А поезд тем временем вез нас все дальше на запад. В иные дни я чувствовал себя не очень спокойно, особенно когда Кузьмич приходил навеселе. Тогда он становился раздражительным и мнительным. Я старался не вступать с ним в полемику, находя какое-нибудь дело. В такие дни, ложась спать, он старался спрятать подальше личное оружие. И хотя, как мне казалось, он был уверен во мне, но, будучи под хмельком, начинал сомневаться – ведь я “зек”, мало ли что. Но в конце концов, натягивая на себя одеяло и закрывая глаза, удовлетворенно говорил: “Ты, Соболев, молодец! Ей-богу, молодец!”
Большие душевные переживания доставляли мне его встречи с дамами (при длительных стоянках случалось и такое!). Ведь мне было 23 года, к тому же на “кузьмичовых” харчах я довольно-таки отъелся, и мне было тяжко находиться в вагоне во время его “свиданий”, а отлучиться я не мог.
Любая остановка поезда создавала дополнительную работу конвою. Надо было более строго следить и за “подопечными”, и за тем, чтобы к вагонам не подходили посторонние, и делать уборку в вагонах, и ходить за продуктами. Помнится, долго стояли в Хабаровске, в Биробиджане. Здесь нас даже сводили в баню. Потом стояли на станции Бурея, где менялась поездная бригада и ремонтировали паровоз.

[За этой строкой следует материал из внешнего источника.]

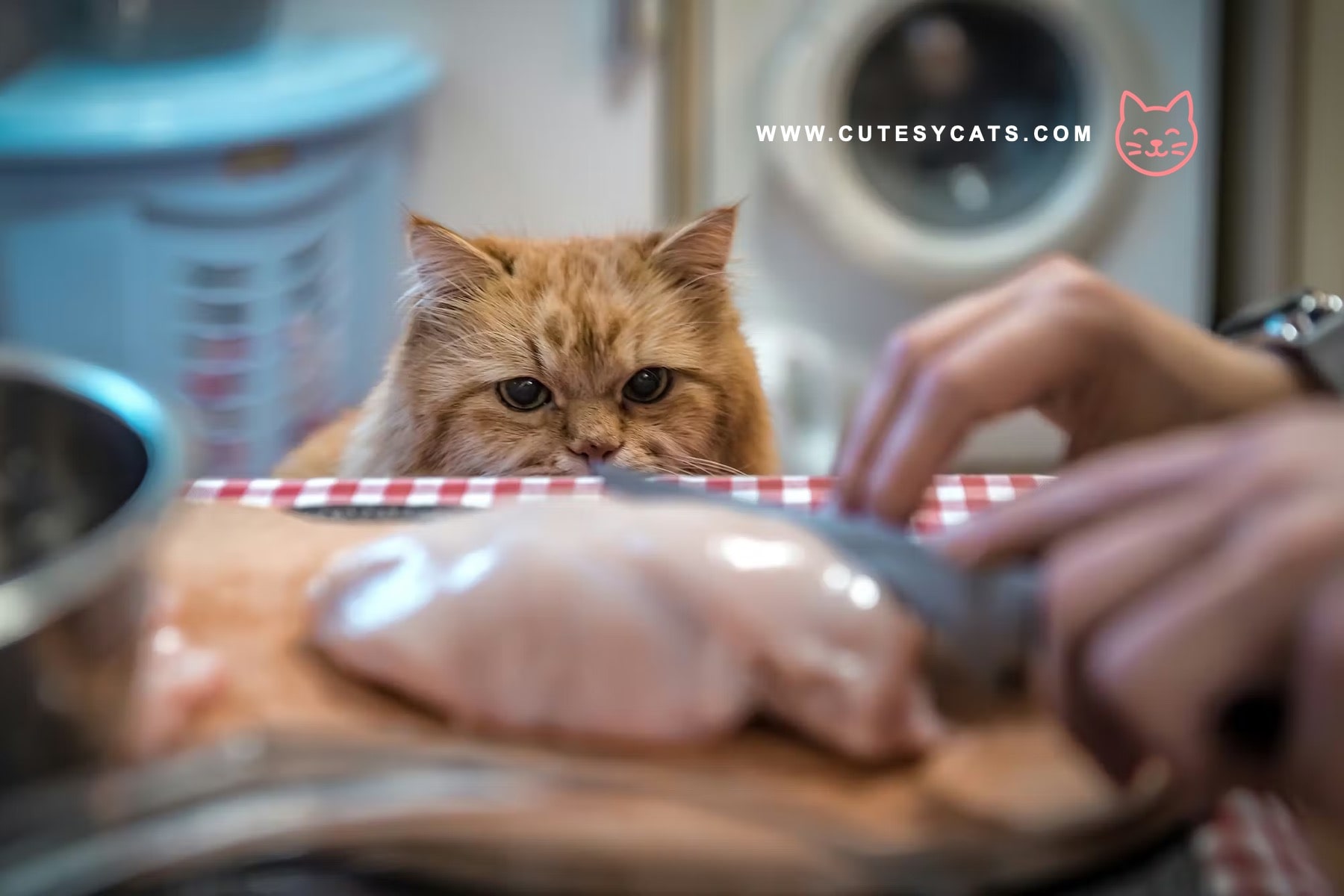 Is It Safe for Cats to Eat a Chicken?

Места, по которым мы проезжали, были очень живописны. Множество больших и малых рек, вдоль дороги – нескончаемые леса. Мы с Кузьмичом часто открывали дверь вагона, садились рядышком и часами любовались неповторимым “зеленым морем” тайги. Небольшие островки лиственных колков были уже подернуты легкой желтизной, а хвойные деревья стояли гордым могучим зеленым поясом…
Сейчас, по прошествии стольких лет, мне и самому не верится, что так было. Что я, простой заключенный, да еще “антисоветчик”, сидел рядом на подножке вагона с капитаном войск МВД СССР, начальником конвоя огромного эшелона заключенных. Но так было! Возможно, это единственный случай в истории ГУЛАГа.

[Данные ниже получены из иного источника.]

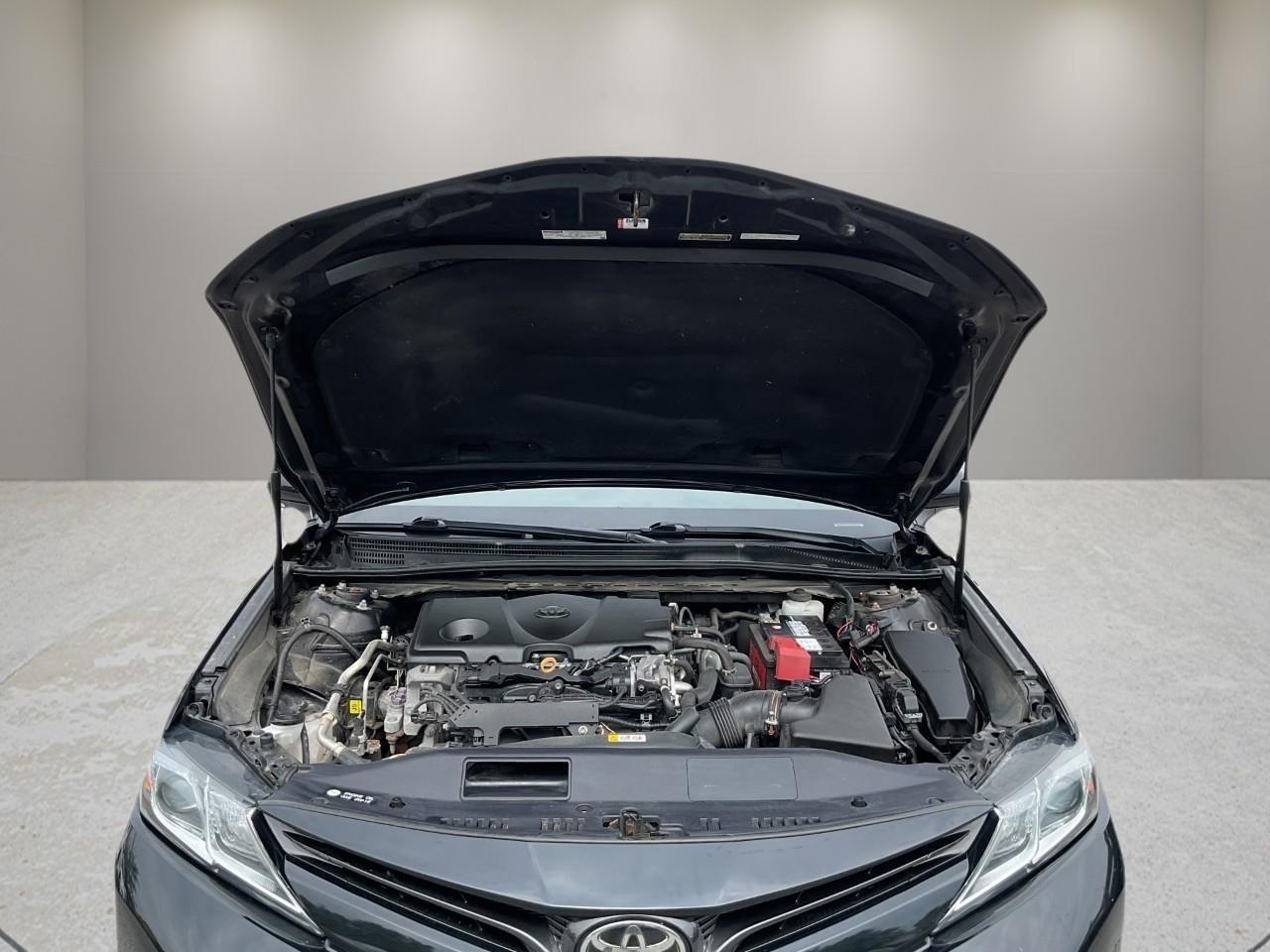 2020 Toyota Camry LE 4dr All-Wheel Drive Sedan Photo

За короткое время я так привязался к Кузьмичу, что порой он мне казался не начальником, а родным человеком, как бы старшим братом. Ему было лет тридцать. Чуть выше среднего роста, спортивного телосложения, он обладал очень спокойным и уравновешенным характером. Очень располагали к нему его чисто русское лицо с конопушками и добрые серые глаза. Он редко сердился, речь его была простая, изобиловала чисто народными словами и выражениями, из чего я сделал вывод, что “университетов он не кончал”. Но самое главное – он очень сочувственно относился к заключенным.
Как-то в разговоре Кузьмич обмолвился, что нас везут в Монголию на строительство железной дороги от Сухэ-Батора до Улан-Батора. Поэтому с возрастающей тревогой я ждал, когда мы прибудем в Улан-Удэ. После этой станции нас повезут на юг, к пункту назначения – городу Кяхта. Свою нервозность я старался скрыть, но Кузьмич все равно заметил и стал успокаивать, дескать, все будет хорошо. Но что хорошо – недоговаривал. На станцию Улан-Удэ мы прибыли на рассвете. Не успел эшелон остановиться, как Кузьмич куда-то поспешил. Провожая его взглядом, я увидел, что к нему присоединился его заместитель. Мое волнение усилилось. Завтрак давно простыл, а Кузьмич не возвращался. Вернулся к обеду, наскоро перекусил и снова исчез. Появился поздно вечером с дамой, которая осталась до утра…
Улан-Удэ покинули к обеду на следующий день и до станции Гусиное Озеро ехали без остановок. Здесь нас встретило самое настоящее “бабье лето”. Стоял октябрь 1946 года. Было тепло, безветренно, в воздухе летала паутина. Я узнал, что стоянка будет долгой, и отправился на озеро, что блестело метрах в трехстах от дороги. Огромная зеркальная гладь, оправленная в зелень не успевших еще пожелтеть деревьев, завораживала. Правда, гусей я здесь не приметил. Позже мне рассказали, что гуси здесь бывают только во время весенних и осенних перелетов, здесь у них как бы “база отдыха”.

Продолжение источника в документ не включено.